Some people underestimate the power of a supportive partner, but it can really MAKE OR BREAK a breastfeeding relationship. When a partner is not supportive of the breastfeeding process, it can have detrimental effects on mother’s mental stability, add extra stress, and increase her risk of Postpartum Depression. Women who have supportive partners are more likely to be successful and reach their breastfeeding goals, even when faced with breastfeeding challenges. Here are some ways that partners can really make a difference.
Photo by LaLa Photography
1. Get Educated
Breastfeeding support starts during pregnancy. Get educated together before baby is born, so that you know what to expect. Take a breastfeeding class, go to a prenatal lactation visit with an IBCLC, read books, watch videos, and attend a breastfeeding support group.
2. Be Proactive
Be prepared! Partners can help to make sure that the birthing environment will be as breastfeeding friendly as possible. Touring possible facilities or preparing the birth space for a home birth together is a great place to start. Writing a breastfeeding and birth plan with one another really helps get the thought process rolling. After baby is born, have a local Breastfeeding Resource list on hand to use, if needed. Breastfeeding is a natural process, but it is also a learned behavior that takes some practice and extra support along the way.
3. Get Busy
Mom and baby will be spending a lot of time breastfeeding in the beginning, and partners have the opportunity to make a big impact by helping during this sensitive time.
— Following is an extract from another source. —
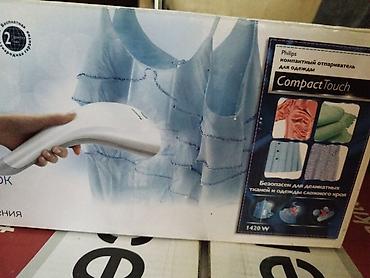 buxarli mop: Philips CompactTouch geyim buxarlandırıcısı - Model: Philips — 2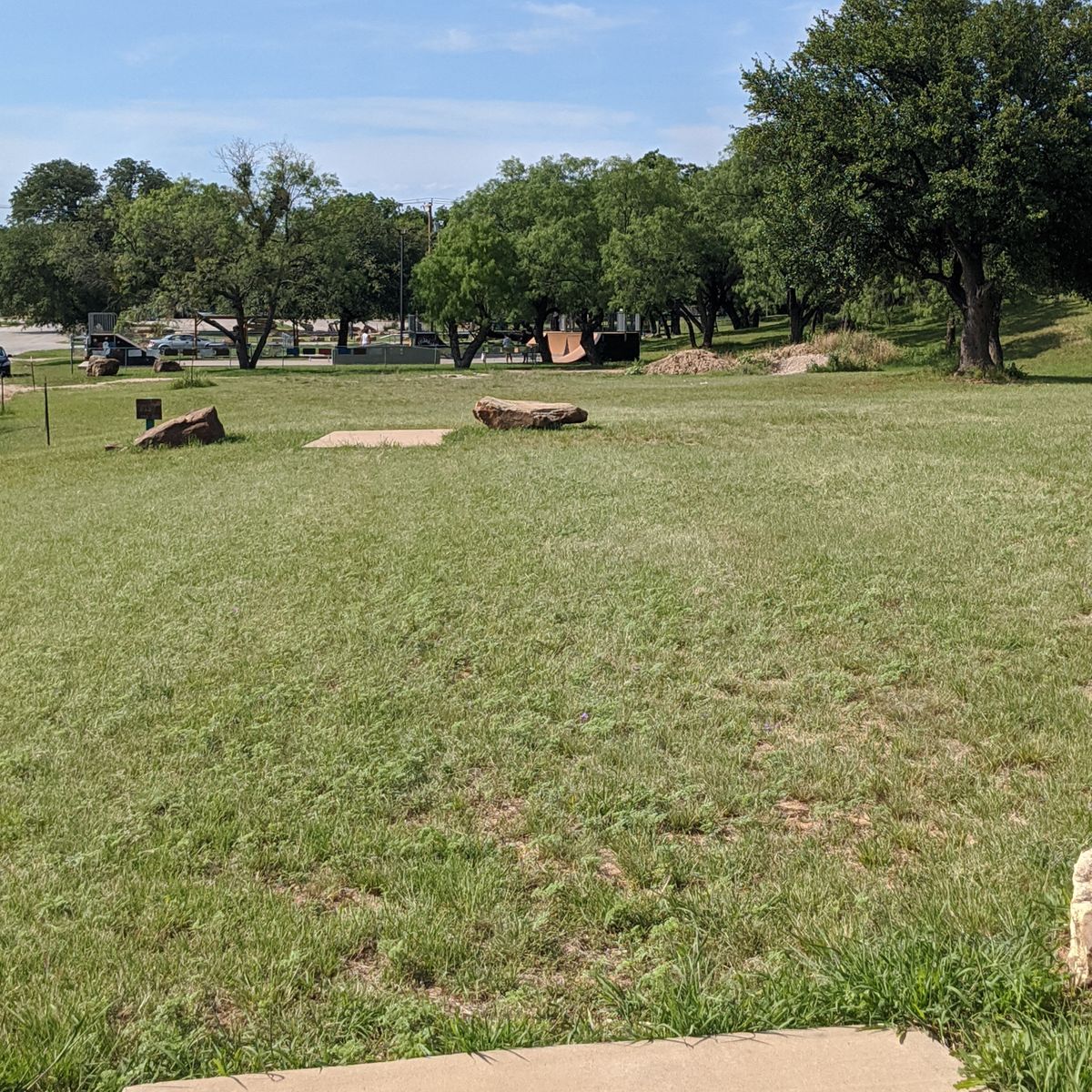 Hole 9 from tee to basket. Look at the picture for hole 18 for a slightly better picture of the basket location.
Frequent stimulation to the breasts are needed in the early days, so if you see baby is having early feeding cues, then get baby ready for the feeding (diaper changed) before bringing him or her to mom. To make this process go smoothly, mom needs rest, so participate by changing diapers, logging feedings and diaper changes, making meals/snacks, keeping the house tidy, burping the baby after feeds, and practicing tummy time. The more involved you are, the more you’ll bond. And mom, don’t be afraid to ask family and friends for support!
4. Help Mom Relax
Having a baby is stressful and there are a lot of hormonal changes that occur during the immediate postpartum period. Breastfeeding can add to this already stressful environment—but that doesn’t mean she can’t do it. Stay calm, and promote a relaxing environment. Dim lights, limit disruptions, and keep things quiet around feeding time. Comfort measures can help keep mom’s stress low and it is one of the most important ways partners can help. Make sure your partner is getting enough to eat and drink, rub her feet or shoulders, ensure she has enough pillows and is comfortable during feeding time. You can also help by limiting visitors, put soothing essential oils in the diffuser, cuddle in bed together, and have an open ear available when it gets tough.
5. Be an Advocate
You have the education, and now you can be her biggest advocate. It’s important to know when it is medically necessary to supplement. If baby requires supplementation at any time, mom needs to be set up to pump. Our number-one rule is to feed the baby, but the number-two rule is to protect her milk supply. If there is a medical indication, you can suggest alternative feeding methods in the early days: small cups, spoons and even syringes instead of bottles. Moms can often hand express and give baby extra colostrum in a spoon instead of giving extra formula.
6. Don’t Stop
Moving forward into the breastfeeding journey, continued support is crucial. Make sure she is confident to feed in public and fill in the gaps and educate others, if needed. Rally for her and let her know you have her back in any situation. There is no breastfeeding challenge she can’t get through with you in her corner.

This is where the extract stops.